Guest post by Marc Hendrickx
The case for dangerous man made global warming hangs on the wall like a frayed medieval tapestry. By pulling just one loose thread the whole thing starts to unravel. We pulled one of those threads recently…
The Australian Broadcasting Corporation (ABC) was recently caught making a mistake in a report on melting ice on Mount Everest. The ABC claimed that “Studies show temperatures are rising faster at Mount Everest than in the rest of South Asia.” When ABC were requested to provide details of the “Studies” they cited Table 10.2 from IPCC’s AR4 Working Group 2 report. However, contrary to ABC’s claims this table showed that the area of fastest rising temperature in South Asia was Sri Lanka, not the Himalaya (and hence not Mt Everest).

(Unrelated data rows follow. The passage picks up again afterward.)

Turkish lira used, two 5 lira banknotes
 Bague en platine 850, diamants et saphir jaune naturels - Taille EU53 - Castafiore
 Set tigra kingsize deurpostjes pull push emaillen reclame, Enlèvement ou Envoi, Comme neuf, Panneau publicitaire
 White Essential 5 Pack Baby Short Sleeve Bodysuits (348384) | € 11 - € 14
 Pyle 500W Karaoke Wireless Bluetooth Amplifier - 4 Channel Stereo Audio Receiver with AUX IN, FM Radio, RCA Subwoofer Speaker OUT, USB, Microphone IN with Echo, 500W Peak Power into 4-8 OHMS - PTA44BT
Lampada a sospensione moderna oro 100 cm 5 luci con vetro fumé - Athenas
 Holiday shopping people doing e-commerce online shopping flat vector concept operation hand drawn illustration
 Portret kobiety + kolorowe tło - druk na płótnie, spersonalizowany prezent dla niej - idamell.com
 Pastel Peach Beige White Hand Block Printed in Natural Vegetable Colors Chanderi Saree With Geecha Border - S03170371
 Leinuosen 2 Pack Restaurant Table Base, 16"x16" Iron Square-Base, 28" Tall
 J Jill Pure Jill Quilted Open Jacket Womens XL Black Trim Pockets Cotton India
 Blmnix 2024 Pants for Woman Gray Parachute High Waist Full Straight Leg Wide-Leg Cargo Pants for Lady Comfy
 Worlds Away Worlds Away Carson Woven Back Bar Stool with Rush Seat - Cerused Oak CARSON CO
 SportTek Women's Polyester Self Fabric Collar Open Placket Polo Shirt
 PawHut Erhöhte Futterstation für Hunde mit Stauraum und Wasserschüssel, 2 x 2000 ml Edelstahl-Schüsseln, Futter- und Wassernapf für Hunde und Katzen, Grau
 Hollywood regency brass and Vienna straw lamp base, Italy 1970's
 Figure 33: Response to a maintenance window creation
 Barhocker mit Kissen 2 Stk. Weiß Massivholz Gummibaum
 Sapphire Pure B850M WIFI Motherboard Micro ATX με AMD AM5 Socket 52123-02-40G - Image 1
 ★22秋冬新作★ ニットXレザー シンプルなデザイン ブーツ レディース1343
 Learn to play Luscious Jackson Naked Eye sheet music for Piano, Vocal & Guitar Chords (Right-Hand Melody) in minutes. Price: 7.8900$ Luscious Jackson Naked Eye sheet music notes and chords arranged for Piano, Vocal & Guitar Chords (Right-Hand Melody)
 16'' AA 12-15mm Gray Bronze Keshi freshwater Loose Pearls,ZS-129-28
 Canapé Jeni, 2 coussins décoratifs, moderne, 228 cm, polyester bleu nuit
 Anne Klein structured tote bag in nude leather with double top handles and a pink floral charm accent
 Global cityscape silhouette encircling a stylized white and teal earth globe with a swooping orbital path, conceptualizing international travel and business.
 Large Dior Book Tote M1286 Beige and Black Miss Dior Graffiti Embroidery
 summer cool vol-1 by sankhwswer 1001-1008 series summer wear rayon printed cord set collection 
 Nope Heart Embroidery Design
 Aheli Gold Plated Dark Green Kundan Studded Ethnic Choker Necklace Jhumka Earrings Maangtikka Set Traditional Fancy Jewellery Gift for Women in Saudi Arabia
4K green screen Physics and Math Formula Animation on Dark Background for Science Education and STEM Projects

ABC’s gaffe however served to highlight a few errors made by the IPCC. It turns out the IPCC incorrectly cited references that backed up the Himalayan temperature trends in Table 10.2, citing two conference papers and one peer reviewed paper that related to precipitation, not temperature (also covered in Table 10.2). Additionally references to support the high Sri Lankan temperatures appear to be from conference papers not from peer reviewed journal articles-(Follow references in Table 10.2).
After some digging the original work on the Himalayan temperature trends was found to be:
Shrestha, Arun B.; Wake, Cameron P.; Mayewski, Paul A.; Dibb, Jack E., 1999. Maximum Temperature Trends in the Himalaya and Its Vicinity: An Analysis Based on Temperature Records from Nepal for the Period 1971–94. Journal of Climate, 9/1/99, Vol. 12 Issue 9 pp:2775-2786.
It’s odd that the IPCC could not find more recent to back up its claims of rapid warming in the Himalaya in AR4. Readers may re-call the IPCC has a tainted record in reporting climate change in the Himalaya having been caught out using “grey literature” to back claims that Himalayan glaciers would disappear by 2035. These have now been shown to be false and the IPCC has issued a correction.
IPCC’s trend of 0.09º C.yr-1 for the Himalaya cited in Table 10.2 comes from Table 2 of Shrestha et al., 1999. This presents the regional mean temperature trends for the period 1977-1994 (just 17 years) based on a Kriging analysis. This is a geostatistical method of filling data gaps, great when you are calculating the extent of an ore body with loads of drill hole information but not so good when the data are limited, as is the case here. For the Himalaya, the IPCC also cherry pick the highest seasonal value, the figure for winter (0.09º C.yr-1). The annual figure given by Shrestha et al., 1999 is less: 0.057º C.yr-1.
But that’s not the end of the story; let’s look at the paper by Shrestha et al, 1999 in more detail. It provides an analysis of maximum temperature data from 49 stations in Nepal.
The abstract states:
Analyses of maximum temperature data from 49 stations in Nepal for the period 1971–94 reveal warming trends after 1977 ranging from 0.06 to 0.12C yr-1 in most of the Middle Mountain and Himalayan regions, while the Siwalik and Terai (southern plains) regions show warming trends less than 0.03C yr-1. The subset of records (14 stations) extending back to the early 1960s suggests that the recent warming trends were preceded by similar widespread cooling trends. Distributions of seasonal and annual temperature trends show high rates of warming in the high-elevation regions of the country (Middle Mountains and Himalaya), while low warming or even cooling trends were found in the southern regions. This is attributed to the sensitivity of mountainous regions to climate changes. The seasonal temperature trends and spatial distribution of temperature trends also highlight the influence of monsoon circulation.
The Kathmandu record, the longest in Nepal (1921–94), shows features similar to temperature trends in the Northern Hemisphere, suggesting links between regional trends and global scale phenomena. However, the magnitudes of trends are much enhanced in the Kathmandu as well as in the all-Nepal records. The authors’ analyses suggest that contributions of urbanization and local land use/cover changes to the all-Nepal record are minimal and that the all-Nepal record provides an accurate record of temperature variations across the entire region.
The time covered for the bulk of stations does not cover a single climate cycle so it’s hard to get excited about the results and we assume someone, somewhere will provide an update to extend the analysis to the present. Of the stations selected for the analysis only 5 stations with records dating from or before the mid 1960s were located in the Himalayan Region: Jiri (elevation-2003m), Okhaldunga (elevation-1720m), Chialsa (elevation-2770m), Chainpur (elevation-1329m), and Taplejung (elevation-1732m). Shrestha et al., 1999 define the Himalaya region in their figure 1 reproduced below.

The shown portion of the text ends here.